**DATA LISTING**:
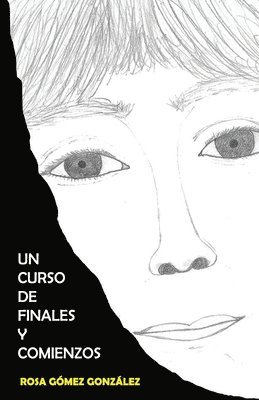 Rosa Gómez González - curso de finales y comienzos, Häftad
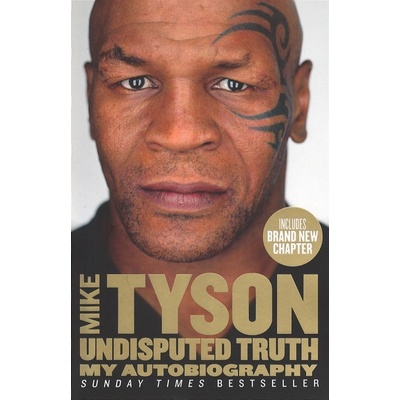 Undisputed Truth: My Autobiography - ... - Mike Tyson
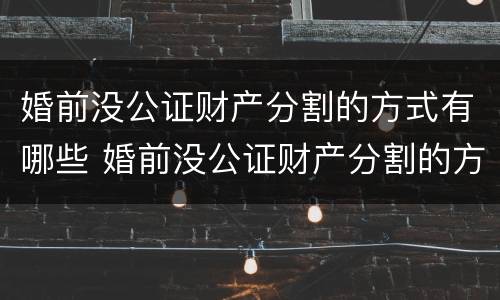 婚前没公证财产分割的方式有哪些 婚前没公证财产分割的方式有哪些规定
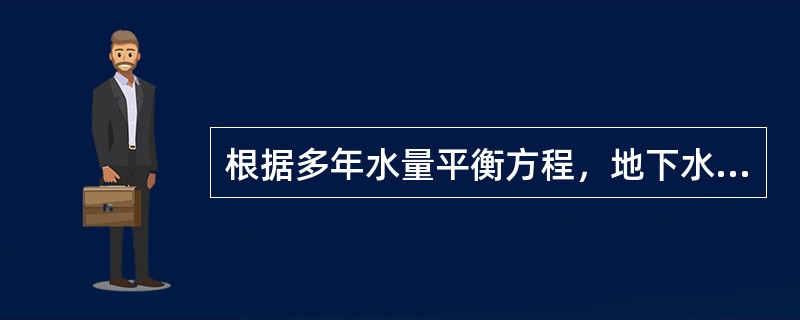 根据多年水量平衡方程，地下水资源量等于总排泄量或总补给量。山丘区地下水资源量以（　　）估算。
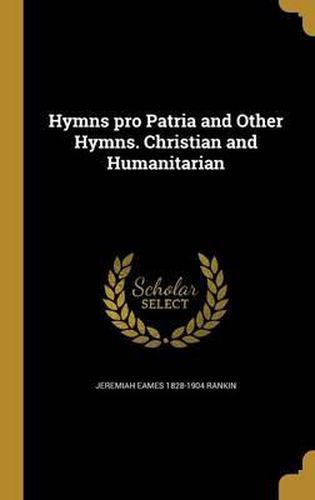 Cover image for Hymns Pro Patria and Other Hymns. Christian and Humanitarian
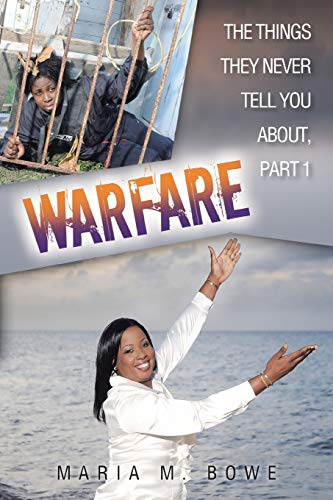 WARFARE: THE THINGS THEY NEVER TELL YOU ABOUT, PART 1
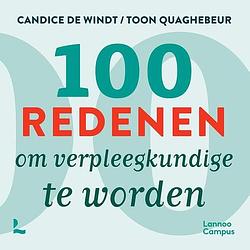 Foto van 100 redenen om verpleegkundige te worden - candice de windt, toon quaghebeur - paperback (9789401493499)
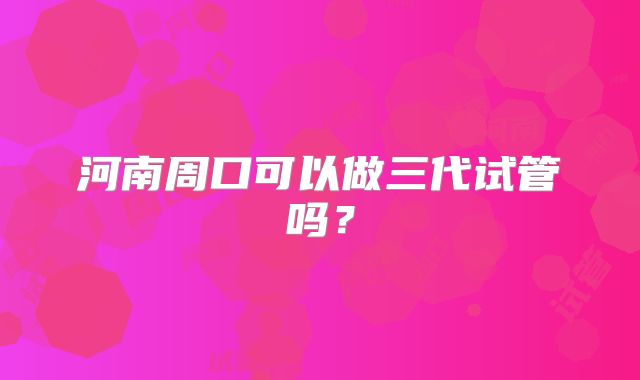 河南周口可以做三代试管吗?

**TASK STATEMENT**: No pictures belong in the copy. Return exactly the lines from the line containing "Cover image for" through the last line of the listing.

**YOUR RESPONSE**:
 Cover image for Hymns Pro Patria and Other Hymns. Christian and Humanitarian
 WARFARE: THE THINGS THEY NEVER TELL YOU ABOUT, PART 1
 Foto van 100 redenen om verpleegkundige te worden - candice de windt, toon quaghebeur - paperback (9789401493499)
 河南周口可以做三代试管吗?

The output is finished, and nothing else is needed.